DESCRIPTION OF THE TASK - If a line below falls between the line with "Magisches Irland 2026" and the line with "Diggermate Mini Excavator", or is one of those two, output it exactly; output nothing else and no pictures.

ENTRIES SHOWN -
• • •

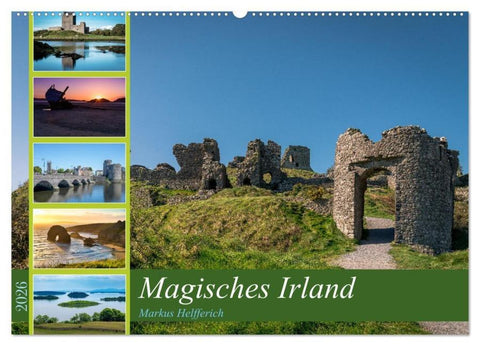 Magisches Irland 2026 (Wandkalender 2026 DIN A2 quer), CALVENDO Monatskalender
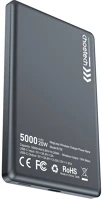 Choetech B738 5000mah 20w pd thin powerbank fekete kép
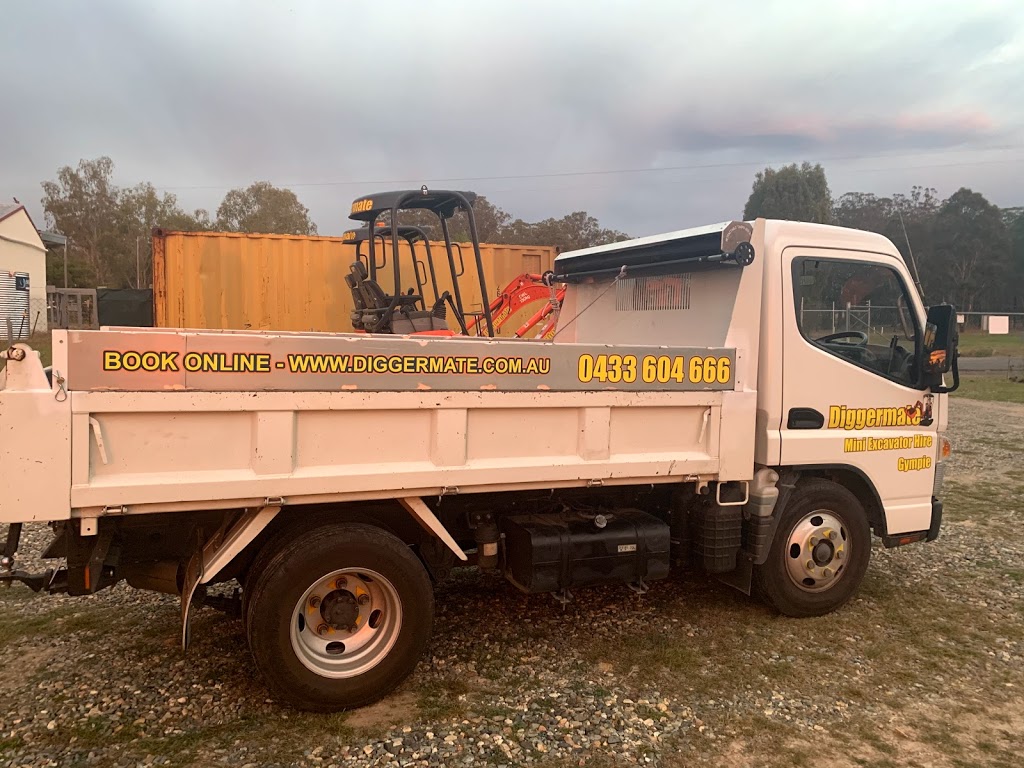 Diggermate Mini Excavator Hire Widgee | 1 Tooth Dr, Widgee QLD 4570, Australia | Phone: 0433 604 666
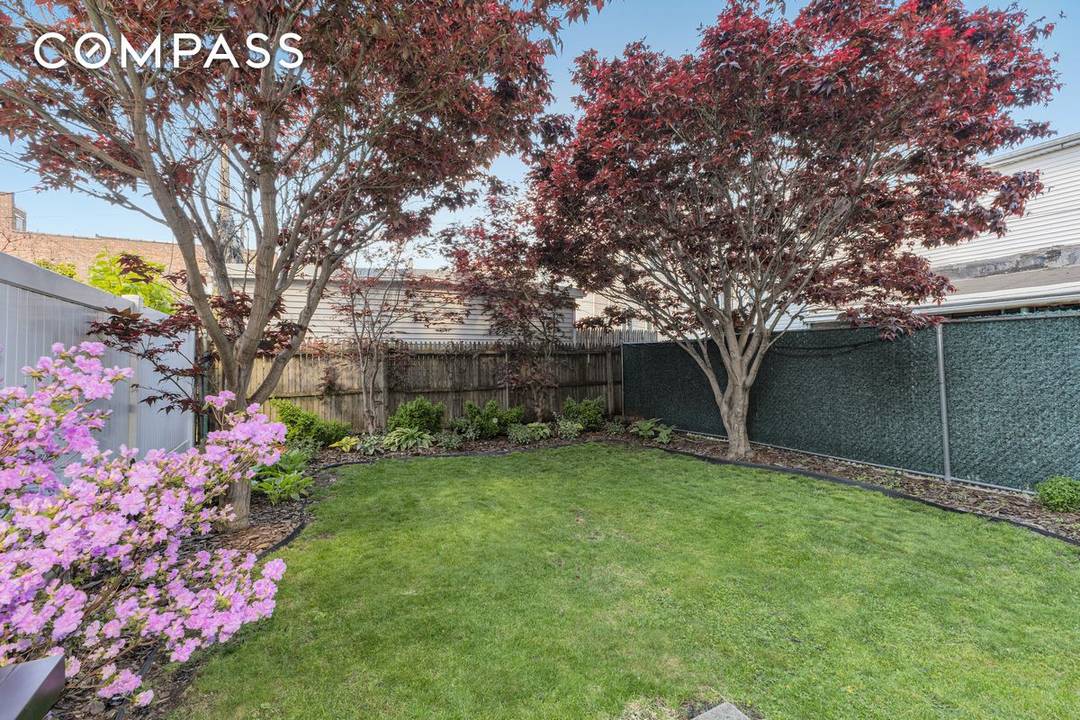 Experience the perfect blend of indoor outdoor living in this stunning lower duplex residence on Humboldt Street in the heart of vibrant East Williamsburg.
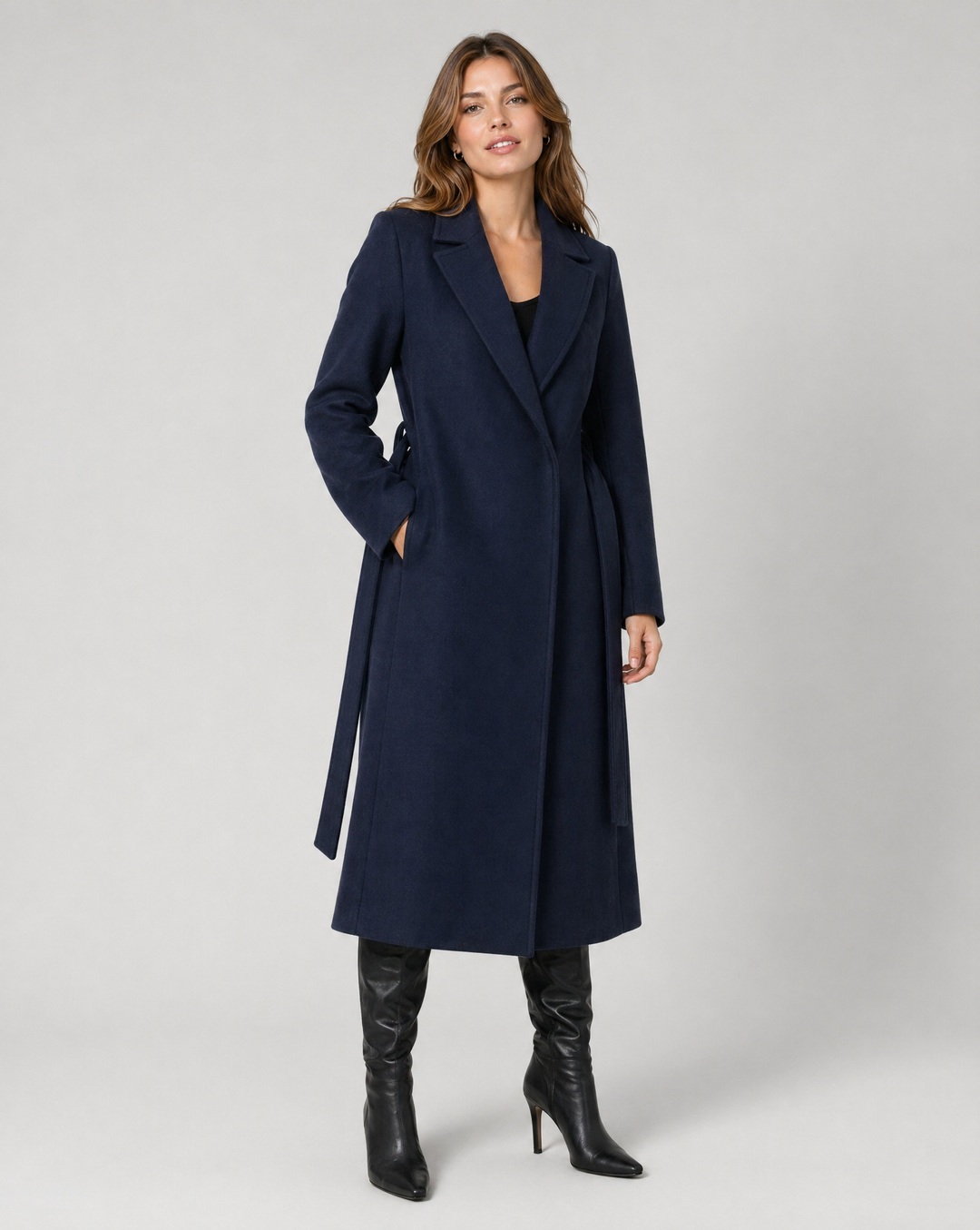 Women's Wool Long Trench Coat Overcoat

• • •

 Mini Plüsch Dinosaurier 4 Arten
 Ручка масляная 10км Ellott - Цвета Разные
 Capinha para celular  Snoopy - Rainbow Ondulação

• • •

ANSWER TO THE EXERCISE -
 Magisches Irland 2026 (Wandkalender 2026 DIN A2 quer), CALVENDO Monatskalender
 Choetech B738 5000mah 20w pd thin powerbank fekete kép
 Diggermate Mini Excavator Hire Widgee | 1 Tooth Dr, Widgee QLD 4570, Australia | Phone: 0433 604 666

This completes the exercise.